**What you need to do:** In this exercise, copy exactly the lines from the one that contains "I'm just going" through the end of the entries below; pictures are not copied.

-- Opening Marker --

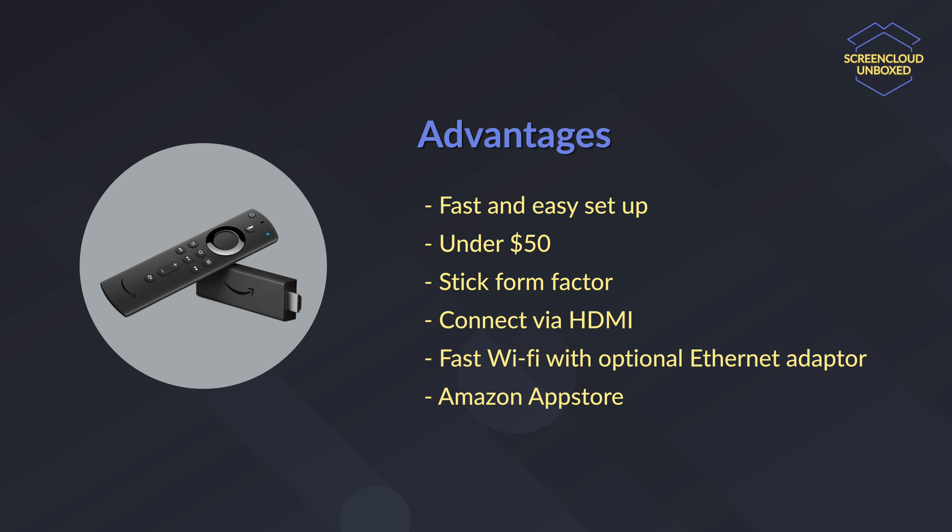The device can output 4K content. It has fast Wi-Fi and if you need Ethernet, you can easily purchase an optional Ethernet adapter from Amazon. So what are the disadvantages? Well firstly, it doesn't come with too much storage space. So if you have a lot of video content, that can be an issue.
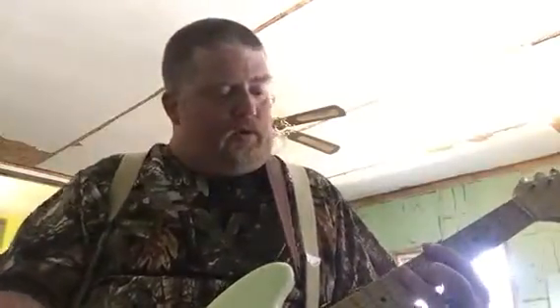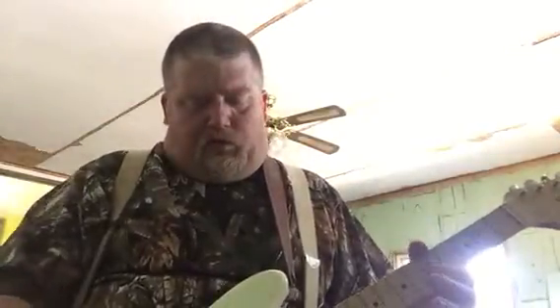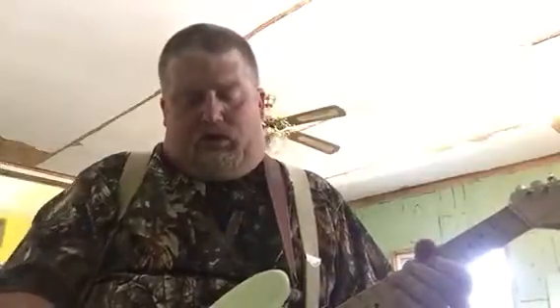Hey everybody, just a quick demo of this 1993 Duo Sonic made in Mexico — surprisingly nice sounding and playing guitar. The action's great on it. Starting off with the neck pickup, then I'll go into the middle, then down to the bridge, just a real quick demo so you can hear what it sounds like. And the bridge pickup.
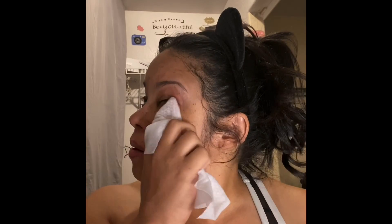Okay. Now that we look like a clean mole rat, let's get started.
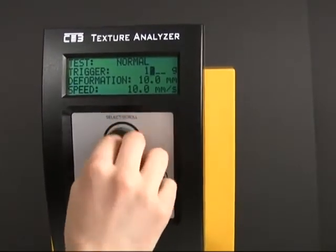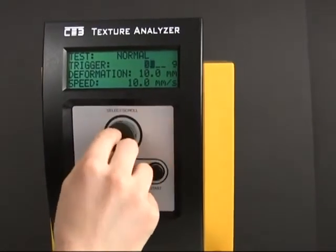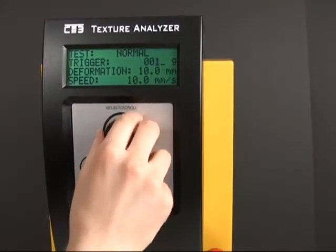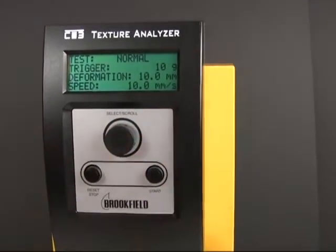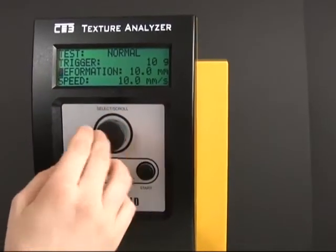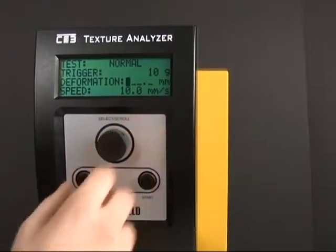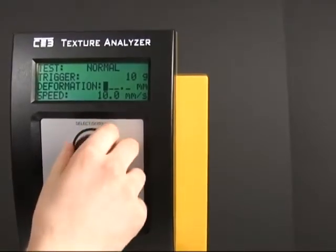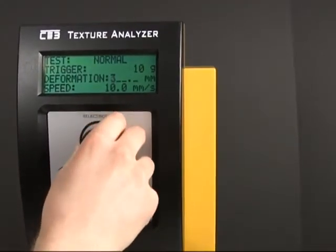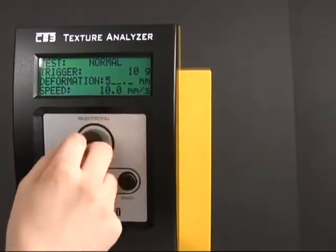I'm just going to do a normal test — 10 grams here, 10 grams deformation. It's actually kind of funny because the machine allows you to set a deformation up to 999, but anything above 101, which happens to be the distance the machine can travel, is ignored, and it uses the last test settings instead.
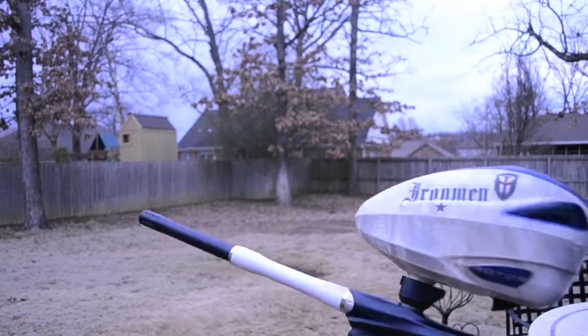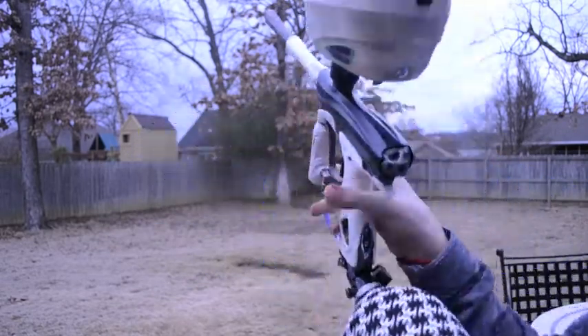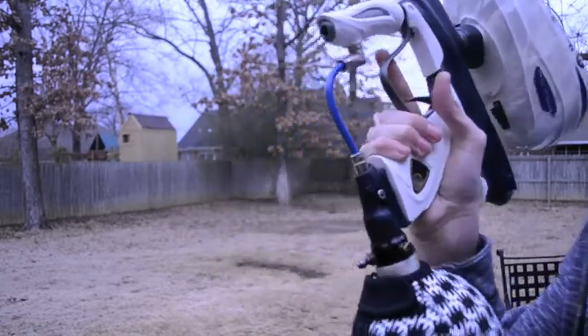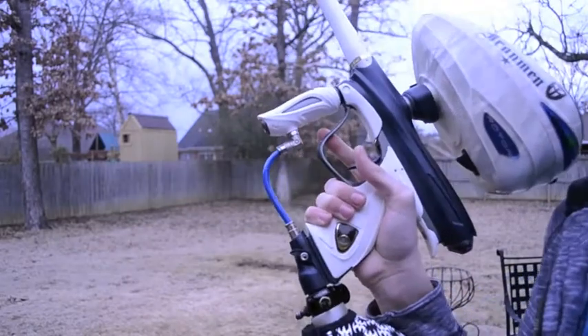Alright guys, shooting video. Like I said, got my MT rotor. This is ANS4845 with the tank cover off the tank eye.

-- Closing Marker --

**Problem solution:**
I'm just going to do a normal test — 10 grams here, 10 grams deformation. It's actually kind of funny because the machine allows you to set a deformation up to 999, but anything above 101, which happens to be the distance the machine can travel, is ignored, and it uses the last test settings instead.
Alright guys, shooting video. Like I said, got my MT rotor. This is ANS4845 with the tank cover off the tank eye.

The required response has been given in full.